Вместе с Яковом ехали четыре мальчика.
Все были одеты в простые, но добротные одежды горожан. Под этими одеждами – кольчуги. На этом настоял сэр Джон. «От арбалетного болта кольчуга, может, и не защитит… Зато от стрелы или удара кинжалом – непременно», – сказал он. Мальчишки были вооружены легкими мечами, а Яков – своим посохом.
Полюбовавшись на возрождающийся Данбери, принц тронулся дальше. Стоял чудесный майский денек. Чирикали пичужки, летали стрекозы. Их путь лежал по дороге, идущей прямо на юг.

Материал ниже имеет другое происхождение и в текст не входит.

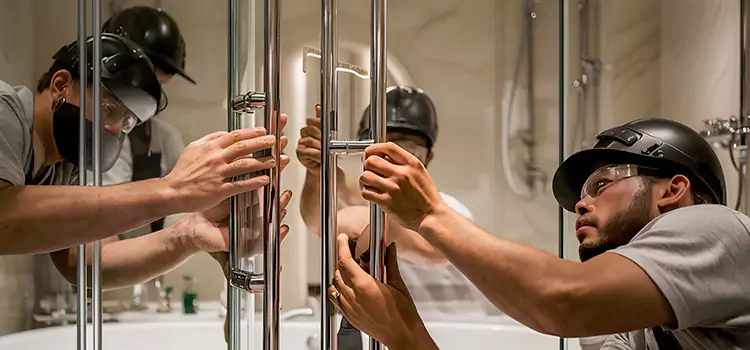 Shower Door Replacement Cost Parkland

Пустив лошадок шагом, они за час проехали миль восемь. Яков ехал, сильно задумавшись. В голове у него крутились нехорошие мысли. Он не мог принять мысль, что на него покушались просто потому, что он якобы занимал чье-то место. Яков стиснул зубы. Они еще не знают, с кем связались! Уже через месяц его сироты будут представлять значительную силу. От него этой силы никто не ждет. Вот тогда и посмотрим! Он начал строить планы, как отомстить своим врагам.
Впереди показалась деревушка. Дик спрыгнул с лошади, и открыл входные ворота. Деревня словно вымерла. Не было видно ни единого человека.

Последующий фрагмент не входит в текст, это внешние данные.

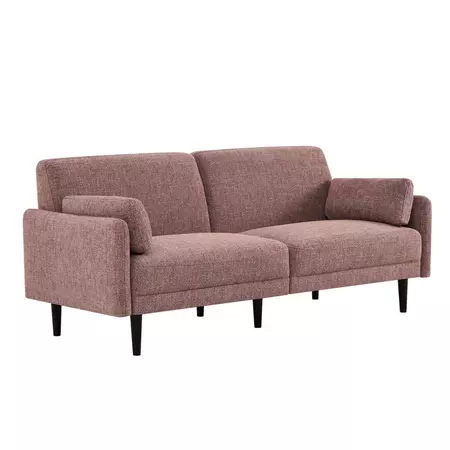 Hokku Designs Kinslee 73'' Upholstered Sofa & Reviews | Wayfair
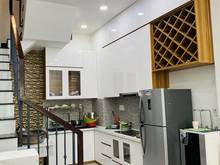 Hình ảnh Nhà Đẹp - HXH - Sát Mặt Tiền Trần Xuân Soạn  Quận 7, 4 Tầng BTCT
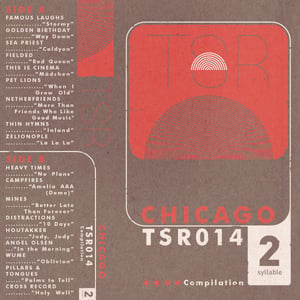 Image of TSR Chicago Compilation Bundle: Vol 1 & Vol 2 & Vol 3 [PRE-ORDER]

Яков ехал по улице, разглядывая покосившиеся, облезлые домишки. Лишь собаки брехали, завидев всадников.
Наконец, они выехали на обширный двор, видимо, служившей в этой деревне площадью, рынком, местом общих сходок – и вообще, центром деревни. Здесь и столпились все жители деревушки.
Посреди площади стояла виселица. Под виселицей, с петлей на шее, стоял облезлый мужичонка. На его лице была написана тупая покорность судьбе. У ног крестьянина выла в голос не менее облезшая баба, с кучей ребятишек.
Яков сказал:
– Дик, выясни, почему вешают этого человека. А ты, Том, проследи, чтобы никого не вешали, пока я не разберусь.
Через минуту Дик доложил:
– Его вешают на недоимку. Он задолжал десятину местной церкви за три года. Сегодня, как сказал вот тот поп, как раз день сбора подати.
Яков нахмурился:
– Что? Подать? Весной? Перед посевом? Ну и ну!
Яков подал лошадь вперед, раздвигая толпу. Возле виселицы распоряжался очень толстый поп, с заносчивыми манерами. Рядом с ним стоял раскрытый воз с мешками зерна.
– Вы, лентяи, смерды, и подлые люди, – вещал поп, тряся толстыми щеками, – никак не уразумеете, что платить церковную десятину повелел нам наш Господь. – Он широко перекрестился. – Кто не платит десятину, должен спросить себя, а не задолжал ли он Господу нашему? – Он перекрестился еще раз.